### REQUIRED WORK
Please keep the pictures out and write out exactly the lines from the first in the data below through the one containing "Schicke automatische Taschenuhr", both included.

[Records from a collection]
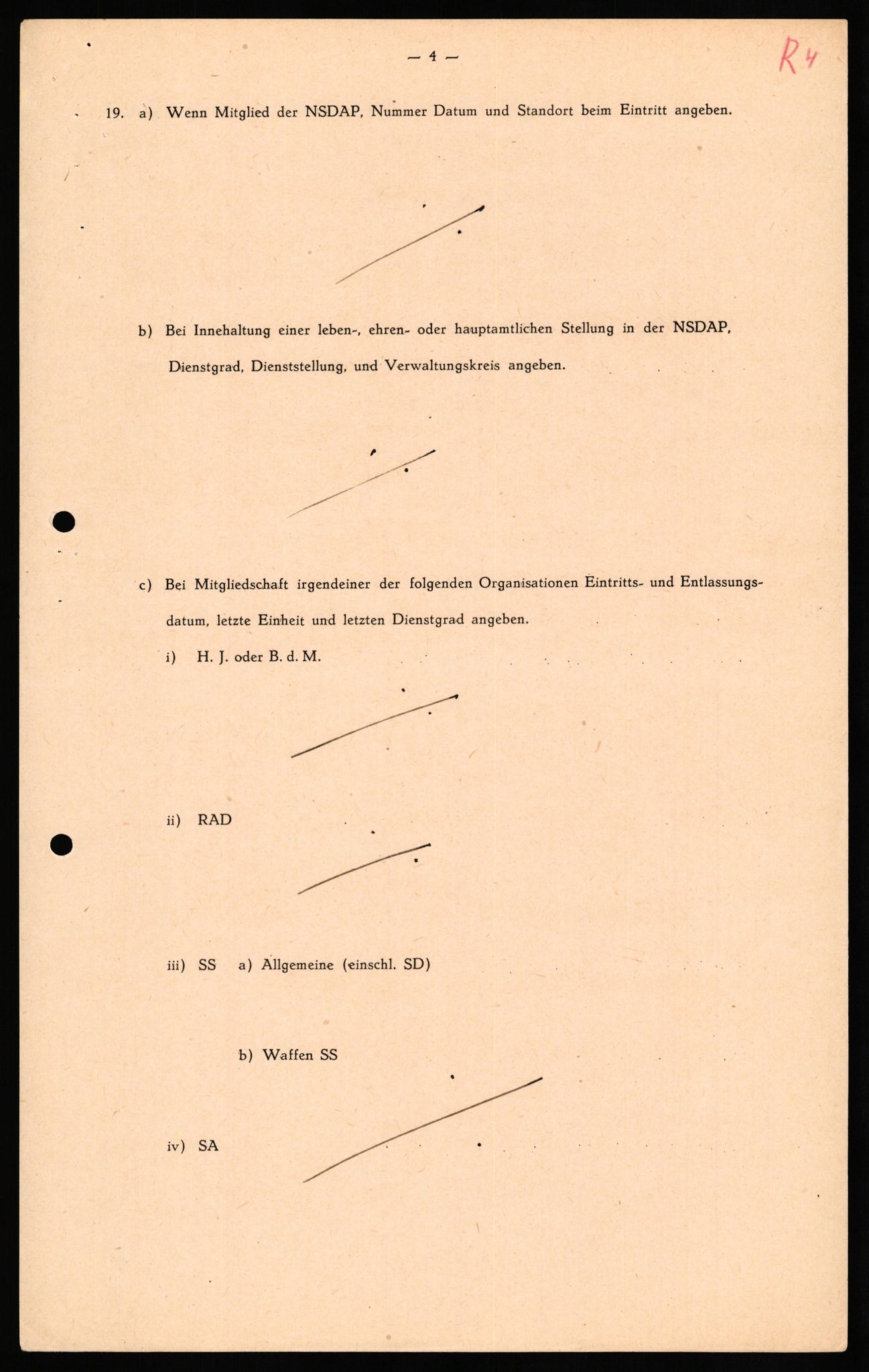 Forsvaret, Forsvarets overkommando II, RA/RAFA-3915/D/Db/L0028: CI Questionaires. Tyske okkupasjonsstyrker i Norge. Tyskere., 1945-1946, p. 235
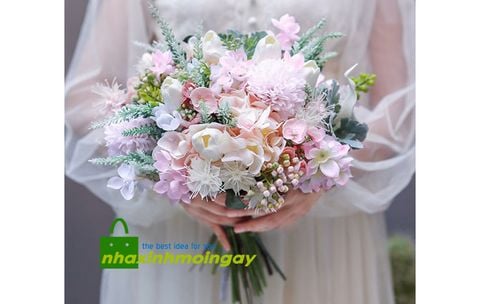 Hoa bó cầm tay chụp ảnh MS03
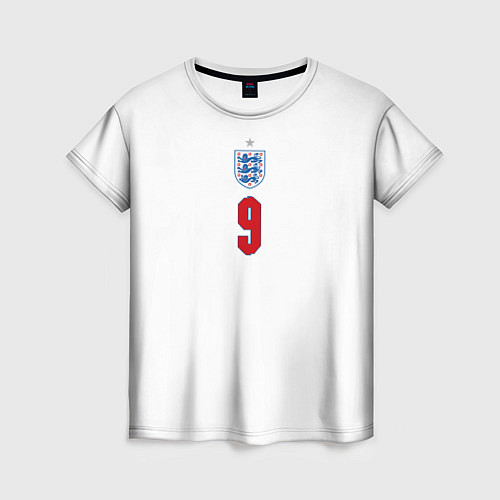 Женская футболка Кейн форма Англия 20212022 / 3D-принт – фото 1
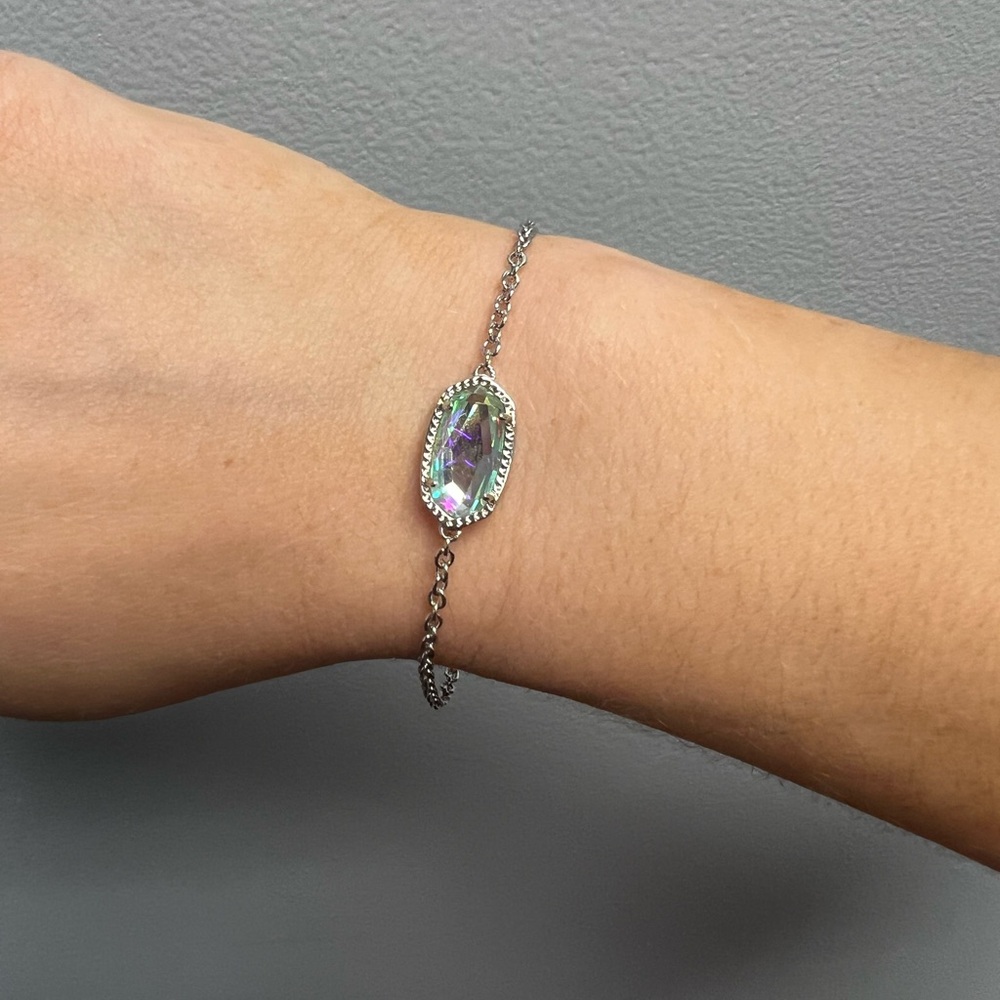 Kendra Scott Elaina Silver Adjustable Chain Bracelet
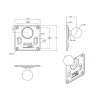 VESA-levy pallolla RAM Mounts RAM-2461U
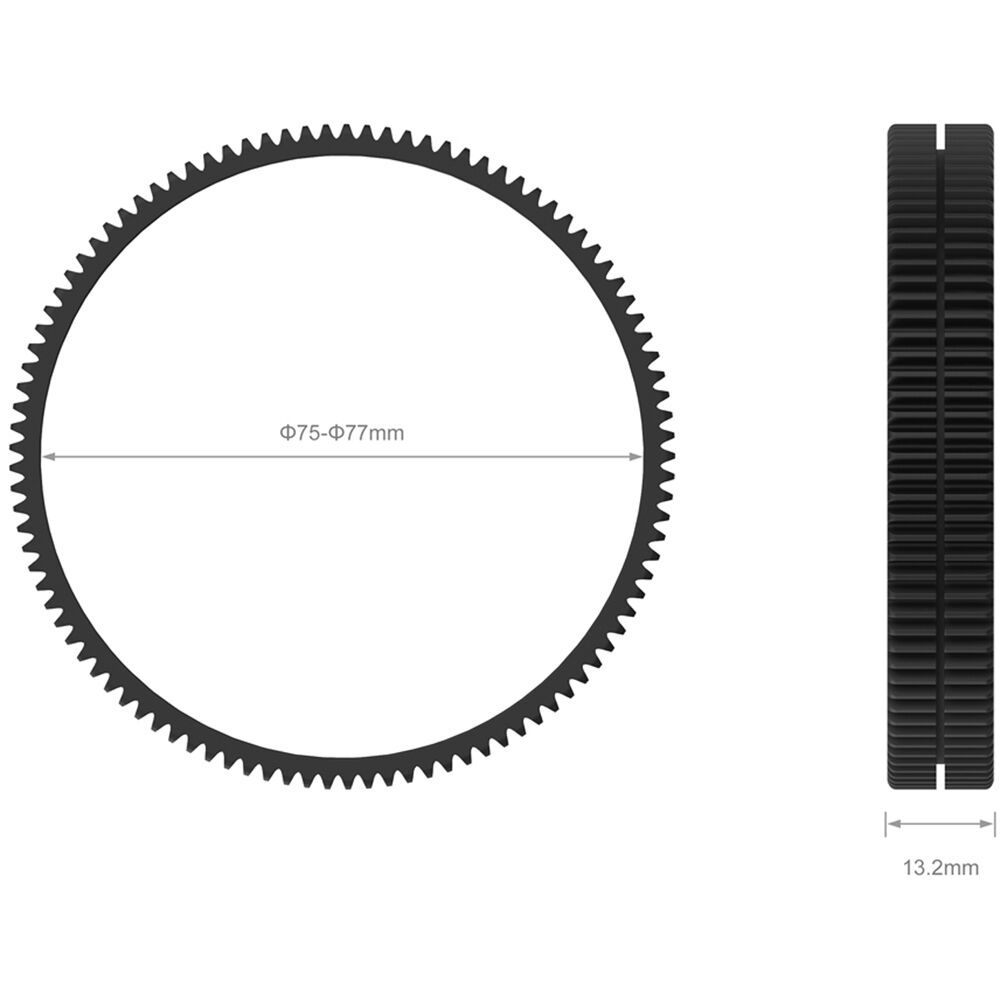 [CLEARANCE] SmallRig Seamless Focus Gear Ring with 0.8 MOD for Stable Focal Length Adjustment 62.5mm to 64.5mm 3291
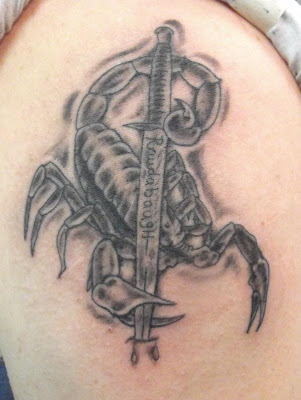 Japanese Scorpion Tattoo Art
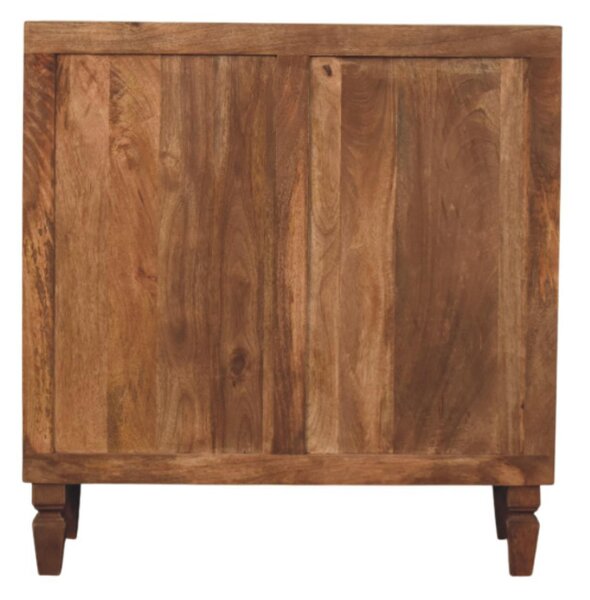 Bedside Chest with 3 Drawers, Bedside Cabinet with Mango Wood for Easy Storage, Brown Aosom UK
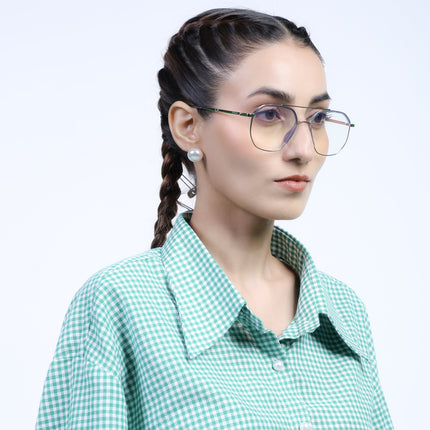 Eyejack Aura Light Grey & Silver Wayfarer Eyeglasses for Men & Women (19001FCL1948-C3)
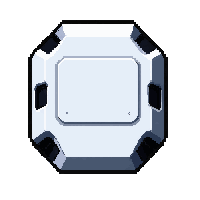 Adrenaline Pump  White Medical Clean — free pixel art sprite from Runner Cyberpunk Implants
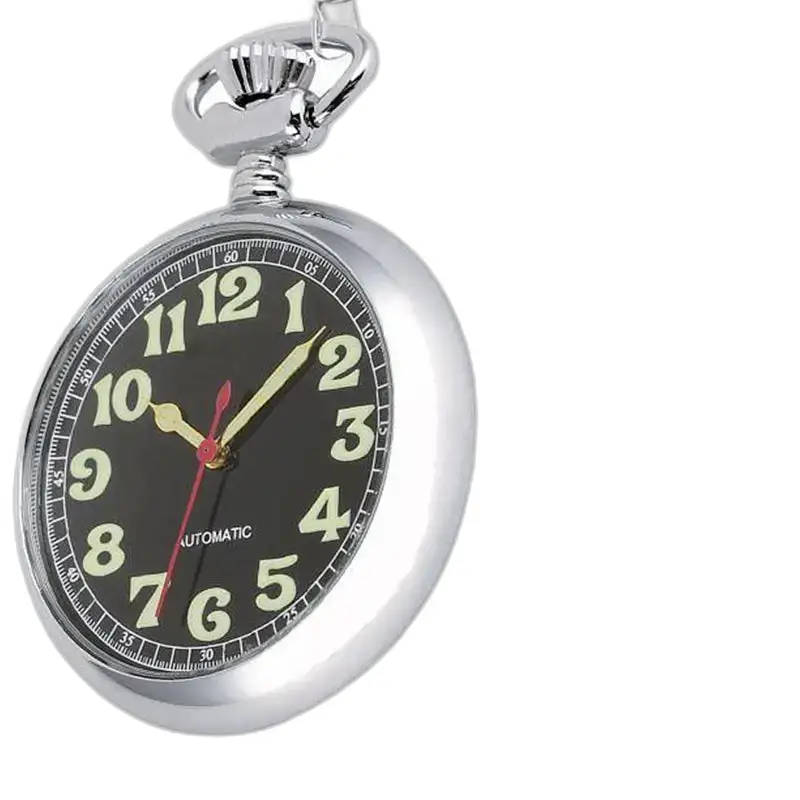 Schicke automatische Taschenuhr mit offenem Zifferblatt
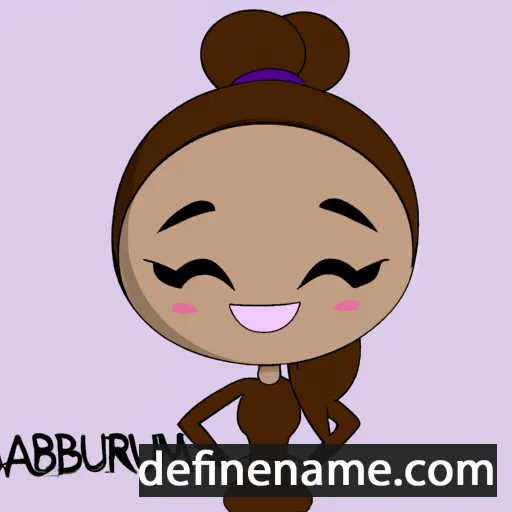 cartoon of the name Aubrilyn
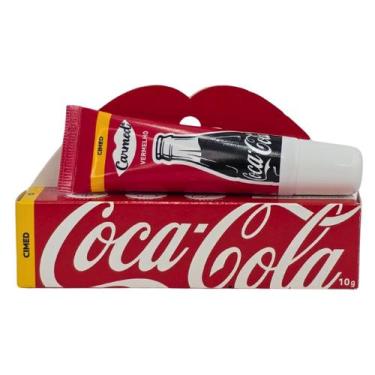 Imagem de Hidratante Labial Coca Cola Com Cor Vermelho Carmed Cimed 10g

### ANSWER SPACE
 Forsvaret, Forsvarets overkommando II, RA/RAFA-3915/D/Db/L0028: CI Questionaires. Tyske okkupasjonsstyrker i Norge. Tyskere., 1945-1946, p. 235
 Hoa bó cầm tay chụp ảnh MS03
 Женская футболка Кейн форма Англия 20212022 / 3D-принт – фото 1
 Kendra Scott Elaina Silver Adjustable Chain Bracelet
 VESA-levy pallolla RAM Mounts RAM-2461U
 [CLEARANCE] SmallRig Seamless Focus Gear Ring with 0.8 MOD for Stable Focal Length Adjustment 62.5mm to 64.5mm 3291
 Japanese Scorpion Tattoo Art
 Bedside Chest with 3 Drawers, Bedside Cabinet with Mango Wood for Easy Storage, Brown Aosom UK
 Eyejack Aura Light Grey & Silver Wayfarer Eyeglasses for Men & Women (19001FCL1948-C3)
 Adrenaline Pump  White Medical Clean — free pixel art sprite from Runner Cyberpunk Implants
 Schicke automatische Taschenuhr mit offenem Zifferblatt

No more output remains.